Надо напомнить, что трансцендентное "воскресение гнева" (вдумайтесь в саму формулу!) Федоров представлял как наказание для всех, и прежде всего" для "спасенных" праведников, вынужденных веки вечные чувствовать, осознавать, и особенно остро (недаром они самые чистые и любящие!), свою отлученность от "недостойных" братьев, детей, матерей, отцов... преданных нескончаемым мукам. Федоров, как позднее Сергий Булгаков и Николай Бердяев, развивал полноту жизнеутверждающих потенций христианства, стоя на точке зрения апокатастасиса, т.е. всеобщего восстановления и преображенного спасения (развивавшегося в христианстве у Оригена, свт. Григория Нисского, Иоанна Скотта Эриугены и др.), на условности апокалиптических пророчеств и понимании ада не как некоего проклятого места неизбывных мучений, а как более или менее длительного состояния очищающего выжигания в себе прошлых грехов, заблуждений и преступлений.

Возвращаясь к Ницше, - единственное, что можно понять (в смысле - простить) в его злобных проклятиях христианству, в его самодовольно-"психологической", пошлой поверхностности суждений о Христе, ап. Павле..., то это его ужас, можно сказать, террор ада, бросивший его резко вон отсюда, из этих гиблых верований. Действительно, если абсолютно принимать (верить в) христианскую вульгату финального разделения рода людского, в вечный ад для большинства грешных и недостойных (а кто чувствует себя достойным поместиться в избранной Божьей горсти спасенных?), то перед лицом такого невообразимого: невмещаемого кошмара вечной (без передыха и конца), несказанной муки, горячо захочешь принять и поверить, и провозгласить любой другой онтологический вариант разрешения финальных судеб смертной сознательной твари, предлагаемый язычеством, буддизмом, материалистическим атеизмом. .. - все не так неизбывно ужасно, фантастически непропорционально короткому земному сроку, как черно-отрицательное, безмерно страдающее от огня неугасимого и червя неумирающего адское бессмертие.
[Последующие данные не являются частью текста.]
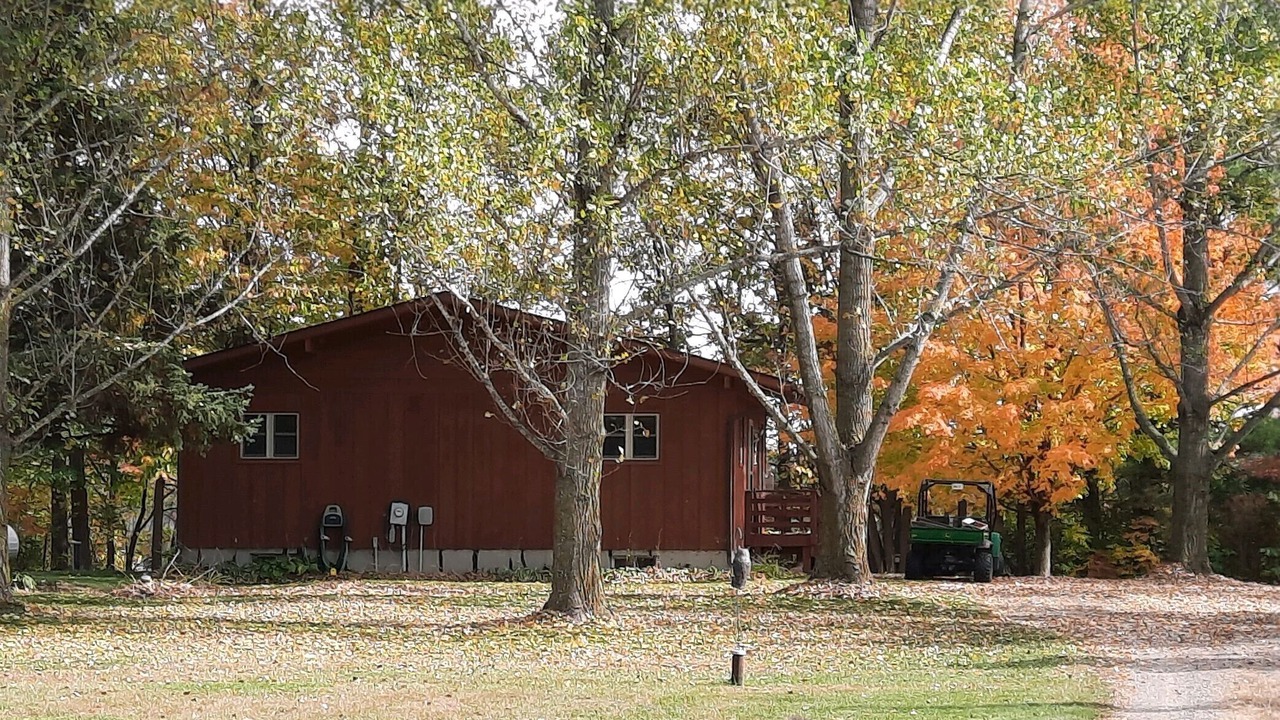 Photo of Others in Sand Creek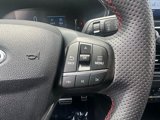 Used 2023 Ford Escape ST-Line image 5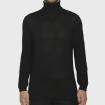 Jersey Armani Exchange XM003571 AF28778 UC001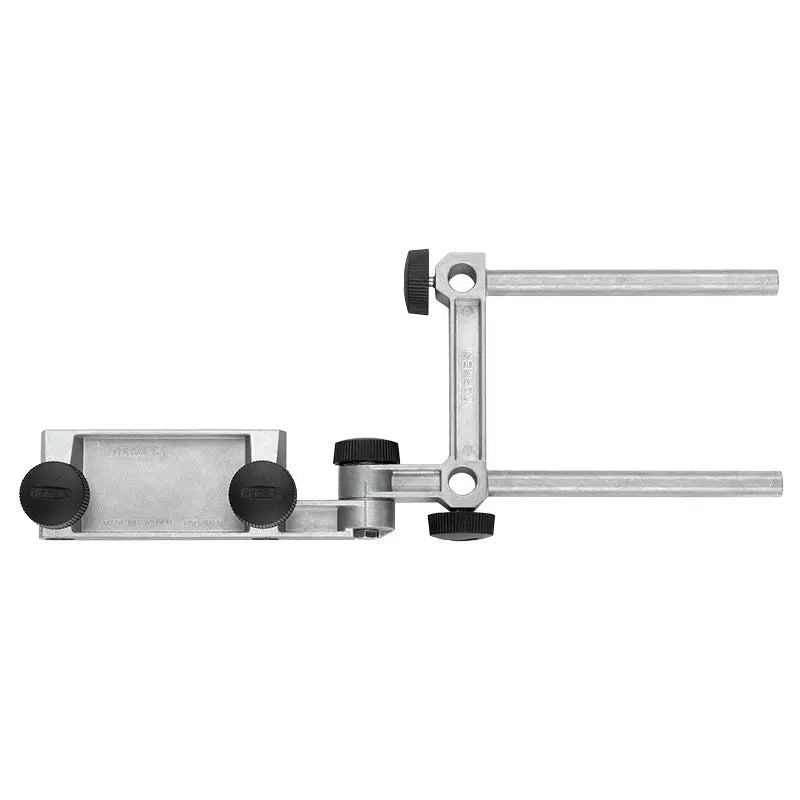 Tormek MB-102 Multihalter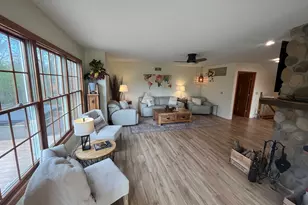 8817 Cedar Sauk Rd, Cedarburg, WI 53080 - Photo 27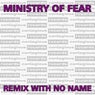 remix with no name
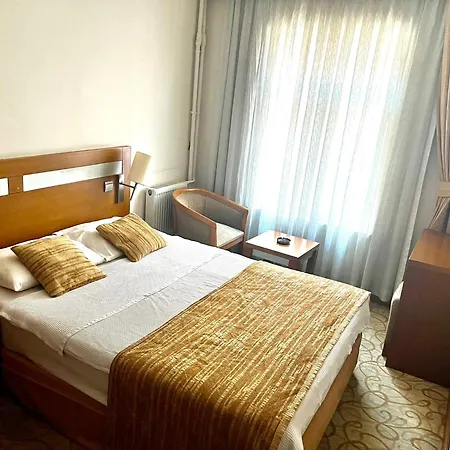 Staycity Otel-2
Отрадное и полное небытие (о, какая несказанная благодать его холодное прикосновение растрескавшимся, запекшимся устам адского грешника!), и неосознаваемое бытие твоих (временно бывших твоими!) развоплощенных частичек в других существах и стихиях, и перевоплощение, и вечное возвращение, и что хочешь...

К этому у Ницше, глубинного поклонника природы, ее порядка и закона, прибавляется неверие в саму возможность достижения личного бессмертия. Если еще он может признать за Христом нечто для себя ценное, "не новую веру", а "новое поведение", "новую практику" (т.е. экзистенциальный в Нем момент), то пунктом его особого изничтожающего кипения становится ап. Павел, который, как известно, акцентировал центральное в Боговоплощении - воскресение Христа, Его победу над смертью и тесно связанное с этим обетование всеобщего воскресения. "И разом из Евангелия вышло самое презренное из всех неисполнимых обещаний, - бесстыдное учение о личном бессмертии" ("Антихрист", 2, 666) - мы как будто слышим благородное негодование какого-нибудь оскорбленного в своем разуме и логике античного Цельса. Заметьте это замечательное определение: " неисполнимых обещаний" - все дело в его признании такого полной невозможностью, абсурдом.

Пафос разделения на "овнов" и "козлищ" (при личном для себя его неприятии, ведь шанс оказаться среди последних для него как бы гарантирован), этот пафос именно как низменный, обличающий свою "слишком человеческую" природу, как раз глубже всего сидит в Ницше и целиком переходит в его собственные дихотомии сверхчеловека и людишек, господ и рабов, высшей расы и черни. А вот действительно величайшее и светлое, воистину божественное обетование всеобщего воскресения, то, что "каждая отдельная единица" может уже "смело претендовать на вечность" и воображать, "что ради них (всех этих "чокнутых". - С.С.) нарушаются законы природы" (Там же, 2, 667), его буквально бесит. Никак не может вынести он, чтобы всем, до последнего "раба" и "сволочи", было дано такое обещание, - может быть, избранное, аристократическое бессмертие он еще бы и признал.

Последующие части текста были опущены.